**Prompt:**
Write out, word for word and with no pictures, each line below from the one containing "9575 Deer Track" through the one containing "Manuel Hirtz", both included, and no other line.

**Data provided:**

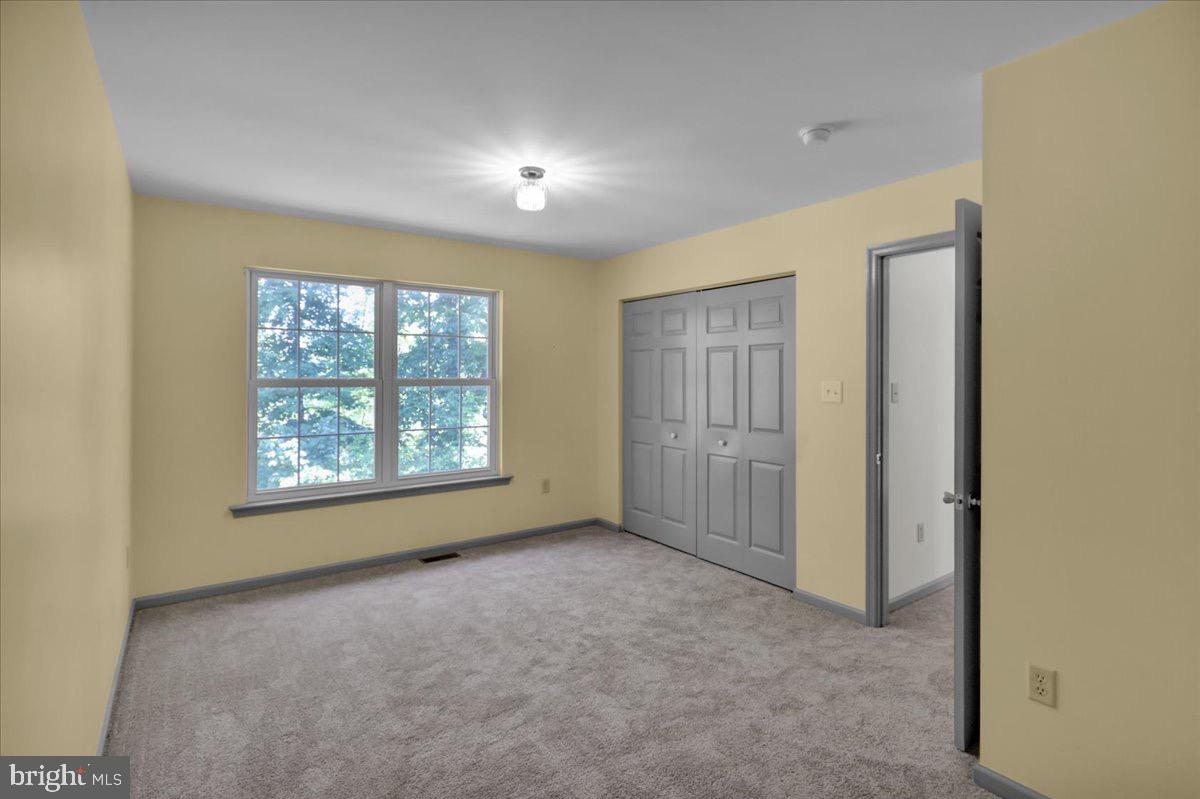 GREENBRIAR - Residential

--

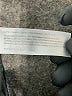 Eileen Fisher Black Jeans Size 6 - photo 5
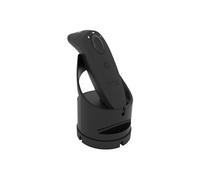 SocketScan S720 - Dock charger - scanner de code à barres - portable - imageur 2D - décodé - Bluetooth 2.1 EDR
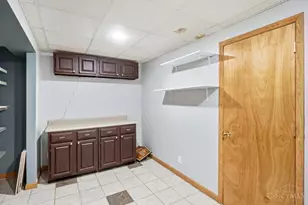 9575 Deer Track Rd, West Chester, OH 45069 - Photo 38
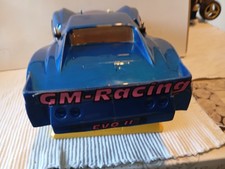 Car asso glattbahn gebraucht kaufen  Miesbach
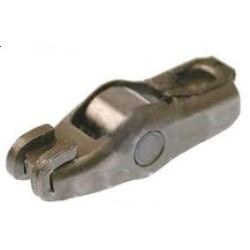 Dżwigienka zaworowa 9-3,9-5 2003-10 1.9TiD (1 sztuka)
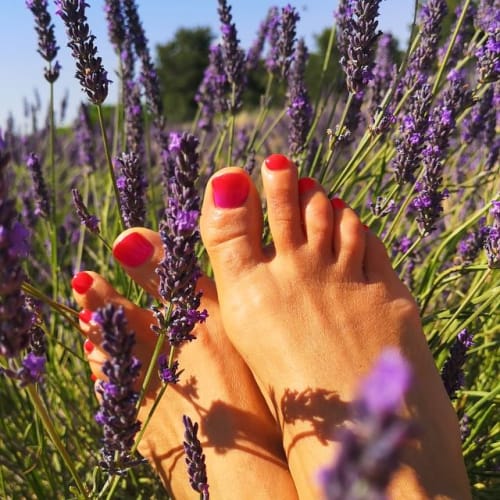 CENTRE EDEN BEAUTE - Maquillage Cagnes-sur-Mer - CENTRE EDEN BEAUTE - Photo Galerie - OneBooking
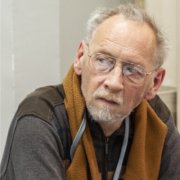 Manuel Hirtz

**Problem solution:**
 9575 Deer Track Rd, West Chester, OH 45069 - Photo 38
 Car asso glattbahn gebraucht kaufen  Miesbach
 Dżwigienka zaworowa 9-3,9-5 2003-10 1.9TiD (1 sztuka)
 CENTRE EDEN BEAUTE - Maquillage Cagnes-sur-Mer - CENTRE EDEN BEAUTE - Photo Galerie - OneBooking
 Manuel Hirtz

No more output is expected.